* What you should do *
What is needed is an exact copy of the lines in the entries below from the one holding "Simic Sky Swallower, Magic" through the one holding "Veste en laine", pictures excluded.

* Recorded information *
• • •
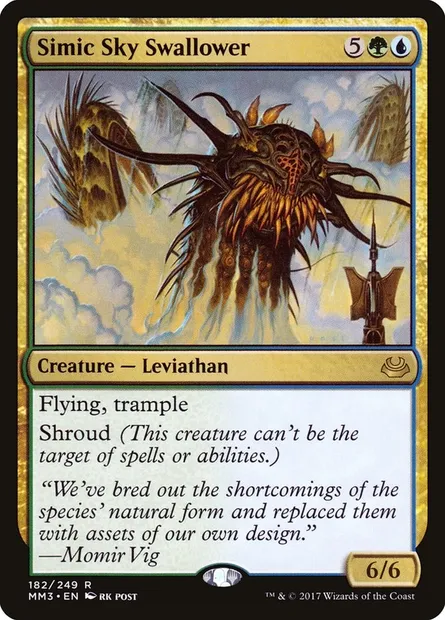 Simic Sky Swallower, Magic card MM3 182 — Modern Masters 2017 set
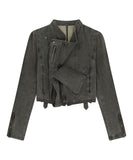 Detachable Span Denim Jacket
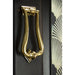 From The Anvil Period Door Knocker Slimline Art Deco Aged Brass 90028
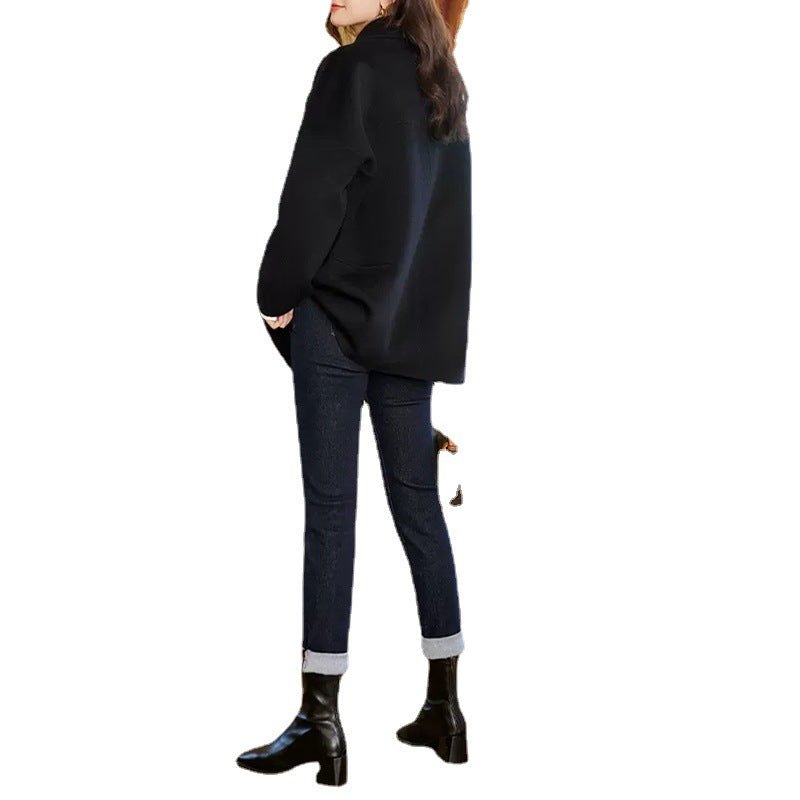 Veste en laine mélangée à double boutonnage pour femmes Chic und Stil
• • •
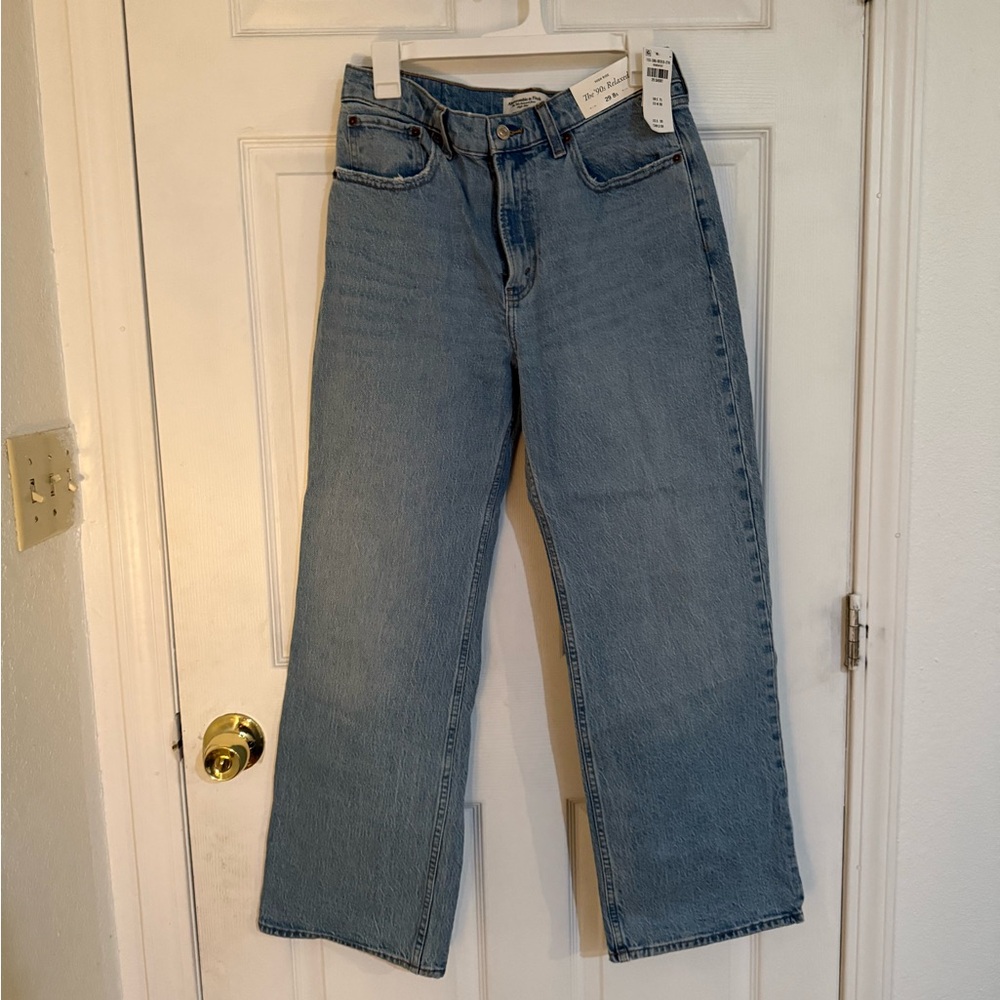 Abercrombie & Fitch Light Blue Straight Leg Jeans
• • •
* Written reply *
 Simic Sky Swallower, Magic card MM3 182 — Modern Masters 2017 set
 Detachable Span Denim Jacket
 From The Anvil Period Door Knocker Slimline Art Deco Aged Brass 90028
 Veste en laine mélangée à double boutonnage pour femmes Chic und Stil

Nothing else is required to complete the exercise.